The closure of the Paskov coal mine in Frydek-Místek near Ostrava in northern Moravia has put thousands of jobs in danger. Politicians and trade union officials fear a “social explosion” in the region, which lacks infrastructure and is marked by high unemployment.

The closure is part of a massive budget-cutting programme by the pit owners OKD. OKD declared in September it intended to close the unprofitable mine by the end of 2014 if the Czech government did not show its readiness to support coal mining at Paskov with public money.

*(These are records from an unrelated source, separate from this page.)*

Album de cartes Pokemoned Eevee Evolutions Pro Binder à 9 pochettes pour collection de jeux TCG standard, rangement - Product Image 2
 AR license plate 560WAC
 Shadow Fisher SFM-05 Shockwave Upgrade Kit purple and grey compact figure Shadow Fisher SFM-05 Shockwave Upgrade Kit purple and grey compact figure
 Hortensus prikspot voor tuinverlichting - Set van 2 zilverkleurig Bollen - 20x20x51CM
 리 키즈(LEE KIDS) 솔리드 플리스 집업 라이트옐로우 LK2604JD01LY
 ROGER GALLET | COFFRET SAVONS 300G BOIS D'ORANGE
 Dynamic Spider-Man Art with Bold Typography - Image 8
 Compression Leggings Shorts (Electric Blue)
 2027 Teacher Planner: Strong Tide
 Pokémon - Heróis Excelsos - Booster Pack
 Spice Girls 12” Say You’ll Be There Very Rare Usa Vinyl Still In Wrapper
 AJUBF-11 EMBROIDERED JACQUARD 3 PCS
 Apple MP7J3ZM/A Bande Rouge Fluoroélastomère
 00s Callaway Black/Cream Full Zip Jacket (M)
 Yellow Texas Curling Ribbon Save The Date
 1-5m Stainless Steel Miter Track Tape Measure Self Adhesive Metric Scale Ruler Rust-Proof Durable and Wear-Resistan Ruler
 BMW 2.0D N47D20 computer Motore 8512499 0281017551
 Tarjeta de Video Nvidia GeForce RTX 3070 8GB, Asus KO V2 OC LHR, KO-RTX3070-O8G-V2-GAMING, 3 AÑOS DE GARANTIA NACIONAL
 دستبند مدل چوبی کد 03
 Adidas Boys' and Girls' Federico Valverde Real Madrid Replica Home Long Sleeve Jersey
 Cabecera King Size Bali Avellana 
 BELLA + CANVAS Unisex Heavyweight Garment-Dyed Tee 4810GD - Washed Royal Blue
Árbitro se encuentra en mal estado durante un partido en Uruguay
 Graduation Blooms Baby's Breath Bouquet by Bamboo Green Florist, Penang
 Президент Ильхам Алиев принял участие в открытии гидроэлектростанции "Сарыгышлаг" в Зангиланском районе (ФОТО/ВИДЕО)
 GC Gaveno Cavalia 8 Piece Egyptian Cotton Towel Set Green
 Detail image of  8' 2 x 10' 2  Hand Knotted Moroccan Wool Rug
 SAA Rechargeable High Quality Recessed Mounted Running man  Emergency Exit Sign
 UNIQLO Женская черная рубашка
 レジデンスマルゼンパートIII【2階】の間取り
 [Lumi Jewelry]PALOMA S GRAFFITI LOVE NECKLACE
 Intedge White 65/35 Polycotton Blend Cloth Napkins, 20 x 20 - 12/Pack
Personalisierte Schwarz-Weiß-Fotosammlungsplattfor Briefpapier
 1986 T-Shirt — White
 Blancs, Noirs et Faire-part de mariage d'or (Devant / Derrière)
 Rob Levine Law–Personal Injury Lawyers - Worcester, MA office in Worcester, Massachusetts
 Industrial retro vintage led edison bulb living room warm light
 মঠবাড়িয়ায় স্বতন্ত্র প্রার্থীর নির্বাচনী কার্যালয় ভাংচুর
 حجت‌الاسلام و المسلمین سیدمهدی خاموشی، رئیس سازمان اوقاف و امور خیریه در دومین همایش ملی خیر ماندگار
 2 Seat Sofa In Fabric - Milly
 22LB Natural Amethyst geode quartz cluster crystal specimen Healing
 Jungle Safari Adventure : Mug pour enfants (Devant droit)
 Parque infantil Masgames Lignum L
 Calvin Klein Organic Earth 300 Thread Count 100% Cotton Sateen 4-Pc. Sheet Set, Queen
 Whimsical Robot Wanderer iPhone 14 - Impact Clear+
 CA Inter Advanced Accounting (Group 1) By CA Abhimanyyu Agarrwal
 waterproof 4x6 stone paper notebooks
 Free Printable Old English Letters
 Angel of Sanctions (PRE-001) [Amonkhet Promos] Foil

Referring to this, OKD chief Ján Fabián mentioned a figure of between 4 and 6 billion Crowns (€160 to €240 million) to continue operations until 2018. After this was rejected by the government, Fabián confirmed the planned shutdown on Czech television, saying, “We cannot keep something going which is making losses.” Petr Bartek from the Erste Group bank AG in Prague calculated Paskov’s annual losses at 1.5 billion Crowns.

NWR, the majority owner of OKD, is one of Europe’s leading mining firms and one of the largest companies in the Czech Republic. A large portion of NWR belongs to the Czech billionaire Zdenek Bakala. NWR has made losses over the past two years due to the decrease in coal prices.

OKD management have been cooperating closely for months with the trade unions to impose an austerity programme at the expense of the workers. The trade unions have stated their readiness to take responsibility for large wage cuts. They have offered in negotiations to cut wages by 7 percent.

When it emerged that management wanted to cut wages by 20 percent, the trade unions were confronted with the anger of the workers, and declared that the workforce would strike if their wages were cut by more than 10 percent. In September, 2,000 protested in Ostrava against the possible shutdown.

OKD is now trying to force through the cuts by eliminating additional benefits. Company spokesman Marek Síbrt stated, “We want to discuss the wide range of additional benefits. That includes wages for the 13th and 14th month.”

The average wage for miners is around €1,300. That is approximately 50 percent higher than the average wage in the Ostrava region. However, the working conditions are so bad that most workers develop severe health problems by the time they retire.

OKD is the only remaining producer of black coal in the Czech Republic. At four locations in the Ostrava region, it extracts 11 million tons of black coal and employs 13,000 people.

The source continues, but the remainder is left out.